The READ and transformation function specifications are not shown in the preceding table. For these two situations, there is not a general response function; the response functions generated depend on what you specify.

Another important aspect of the function specification is the number of response functions generated per population, q. Let mi represent the number of levels for the ith dependent variable in the MODEL statement, and let d represent the number of dependent variables in the MODEL statement. Then, if the function specification is ALOGITS, CLOGITS, LOGITS, or MARGINALS, the number of response functions is
q = \sum_{i=1}^d (m_i - 1)
If the function specification is JOINT or the default (generalized logits), the number of response functions per population is
q = r - 1
where r is the number of response profiles. If every possible cross-classification of the dependent variables is observed in the samples, then
r = \prod_{i=1}^d m_i
Otherwise, r is the number of cross-classifications actually observed.

If the function specification is MEANS, the number of response functions per population is q=d.

Response Statement Examples

Some example response statements are shown in the following table.

Example Result
response marginals;marginals for each dependent variable
response means;the mean of each dependent variable
response logits;generalized logits of the marginal probabilities
response clogits;cumulative logits of the marginal probabilities
response alogits;adjacent-category logits of the marginal probabilities
response joint;the joint probabilities
response 1 -1 log;the logit
response;generalized logits
response 1 2 3;the mean score, with scores of 1, 2, and 3 corresponding to the three response levels
response read b1-b4;four response functions and their covariance matrix, read directly from the input data set


Using a Transformation to Specify Response Functions

If you specify a transformation, it is applied to the vector that contains the sample proportions in each population. The transformation can be any combination of the following four operations.

Operation Specification
linear combination* matrix literal
 matrix literal
logarithmLOG
exponentialEXP
adding constant+ matrix literal


If more than one operation is specified, then PROC CATMOD applies the operations consecutively from right to left.

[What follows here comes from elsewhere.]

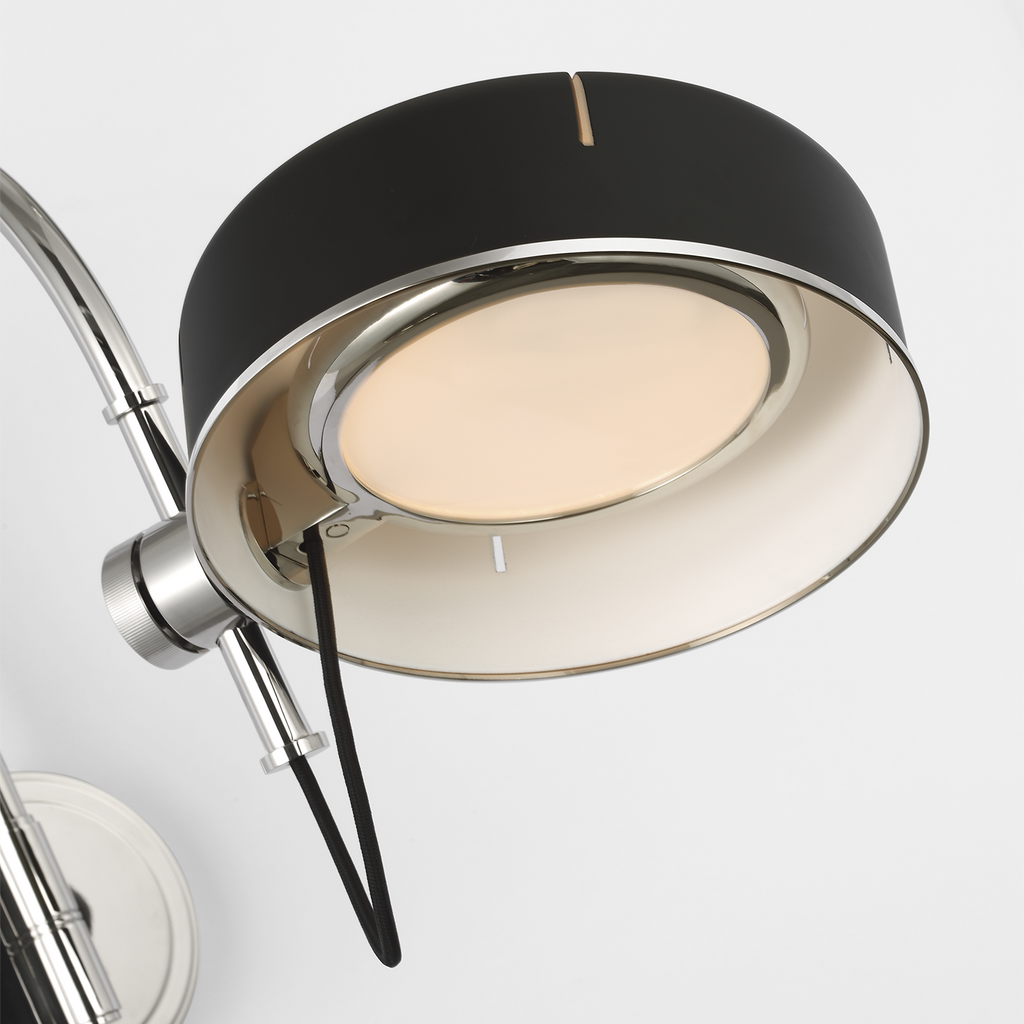 Oso 13" Articulating Arc Wall Light | Polished Nickel | Matte Black Shade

A matrix literal is a matrix of numbers with each row of the matrix separated from the next by a comma. If you specify a linear combination, in most cases the * is not needed. The following statement defines the response function p1+1. The * is needed to separate the two matrix literals '1' and '1 0'.

   response + 1 * 1 0;


The LOG of a vector transforms each element of the vector into its natural logarithm; the EXP of a vector transforms each element into its exponential function (antilogarithm).

In order to specify a linear response function for data that have r=3 response categories, you could specify either of the following RESPONSE statements:

   response  * 1 0 0 , 0 1 0;
   response    1 0 0 , 0 1 0;


The matrix literal in the preceding statements specifies a 2 ×3 matrix, which is applied to each population as follows:
[ F_1 \ F_2 ] =
[ 1 & 0 & 0 \ 0 & 1 & 0 
 ] *
[ p_1 \ p_2 \ p_3 ]
where p1, p2, and p3 are sample proportions for the three response categories in a population, and F1 and F2 are the two response functions computed for that population. This response function, therefore, sets F1=p1 and F2=p2 in each population.

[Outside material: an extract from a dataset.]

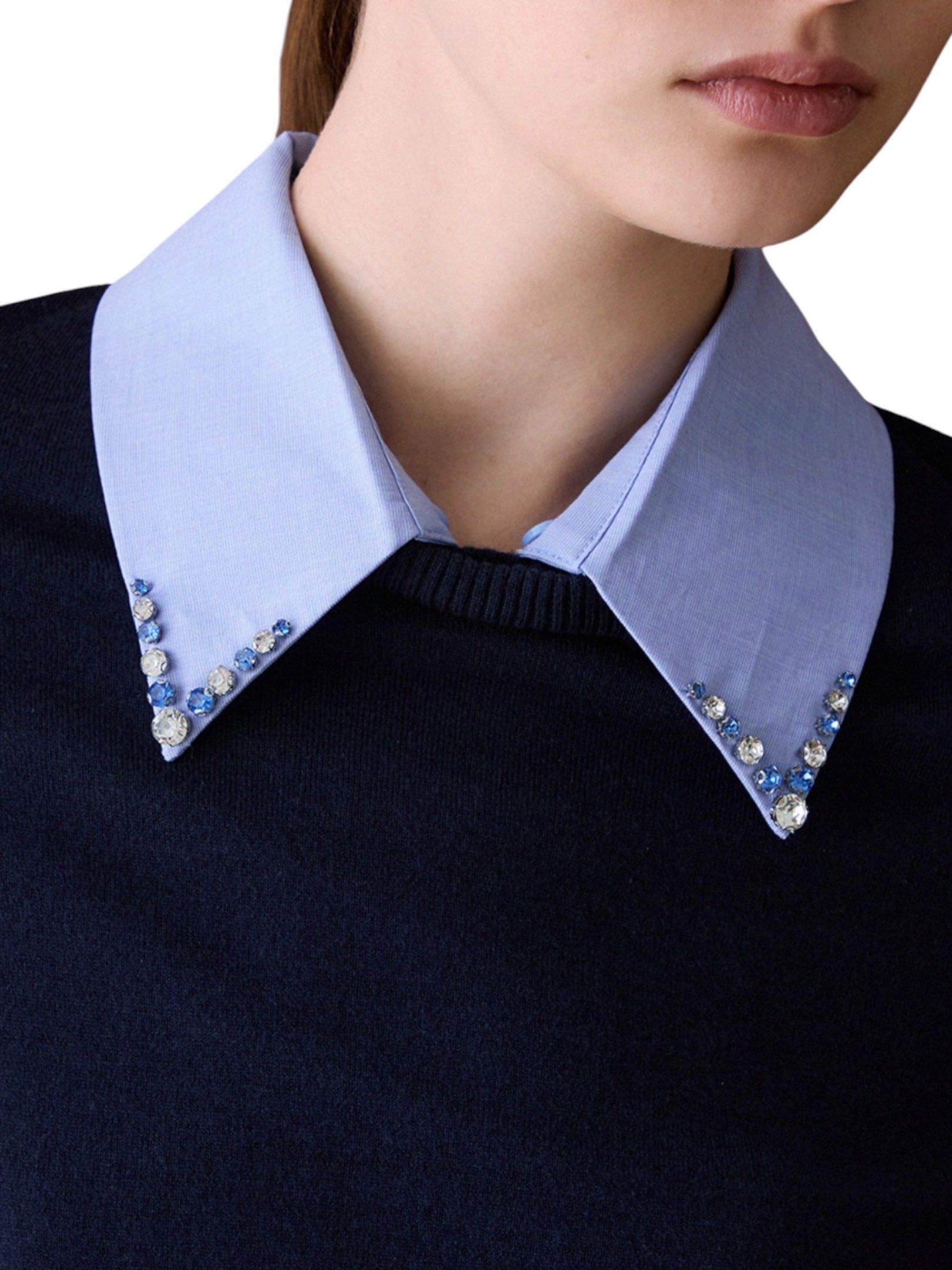 LIU JO - MAGLIA BLU COLLETTO POPELIN - immagine 3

As another example of the linear response function, suppose you have two dependent variables corresponding to two observers who evaluate the same subjects. If the observers grade on the same three-point scale and if all nine possible responses are observed, then the following RESPONSE statement would compute the probability that the observers agree on their assessments:

   response 1 0 0 0 1 0 0 0 1;


This response function is then computed as

F = p_{11} + p_{22} + p_{33} = 
[ 1 & 0 & 0 & 0 & 1 & 0 & 0 & 0 & 1 \ ] *
[ p_{11} \ p_{12} \ p_{13} \ 
 p_{21} \ p_{22} \ p_{23} \ 
 p_{31} \ p_{32} \ p_{33} \ ]
where pij denotes the probability that a subject gets a grade of i from the first observer and j from the second observer.

If the function is a compound function, requiring more than one operation to specify it, then the operations should be listed so that the first operation to be applied is on the right and the last operation to be applied is on the left. For example, if there are two response levels, the response function

   response 1 -1 log;


is equivalent to the matrix expression:
F = [ 1 & -1 \ ] *
 [ \log(p_1) \ \log(p_2) \ 
 ]
 = \log(p_1)-\log(p_2) = \log(\frac{p_1}{p_2})
which is the logit response function since p2=1-p1 when there are only two response levels.

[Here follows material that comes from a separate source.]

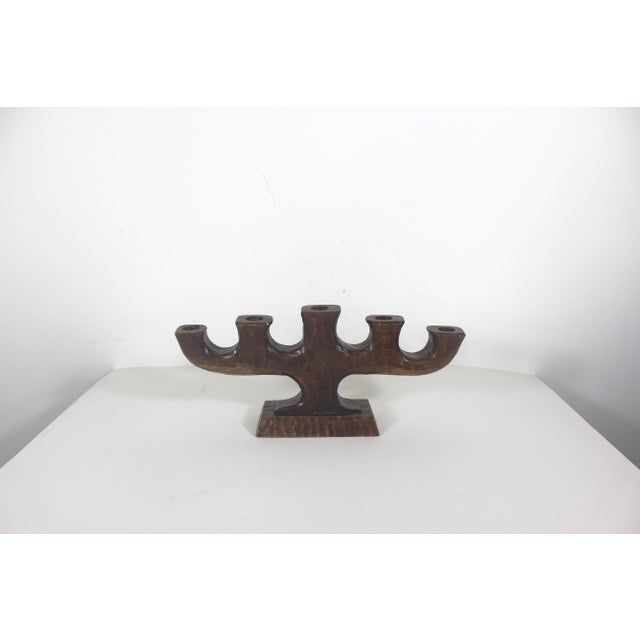 1940s Vintage Carved Wood Candelabra Handmade Wooden Candle Holder Scandinavian Folk Art For Sale - Image 5 of 10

Another example of a compound response function is
   response exp 1 -1 * 1 0 0 1, 0 1 1 0 log;
which is equivalent to the matrix expression
F = EXP(A*B*LOG(P))
where P is the vector of sample proportions for some population,
A = [ 1 & -1 \ ]
{ and } 
B = [ 1 & 0 & 0 & 1 \ 0 & 1 & 1 & 0 \ ]

If the four responses are based on two dependent variables, each with two levels, then the function can also be written as

F = [(p11p22)/(p12p21)]

which is the odds (crossproduct) ratio for a 2 ×2 table.

Understanding the Standard Response Functions

If no RESPONSE statement is specified, PROC CATMOD computes the standard response functions, which contrast the log of each response probability with the log of the probability for the last response category. If there are r response categories, then there are r-1 standard response functions. For example, if there are four response categories, using no RESPONSE statement is equivalent to specifying

   response  1 0 0 -1,
             0 1 0 -1,
             0 0 1 -1  log;
This results in three response functions:
F = [ F_1 \ F_2 \ F_3 \ ] =
 [ \log(p_1/p_4) \ \log(p_2/p_4) \ \log(p_3/p_4) \ ]
If there are only two response levels, the resulting response function would be a logit. Thus, the standard response functions are called generalized logits. They are useful in dealing with the log-linear model:
{\pi} = {EXP}(X {\beta})
If C denotes the matrix in the preceding RESPONSE statement, then because of the restriction that the probabilities sum to 1, it follows that an equivalent model is
C * {LOG}({\pi}) = ({CX}) {\beta}
But C*LOG(P) is simply the vector of standard response functions. Thus, fitting a log-linear model on the cell probabilities is equivalent to fitting a linear model on the generalized logits.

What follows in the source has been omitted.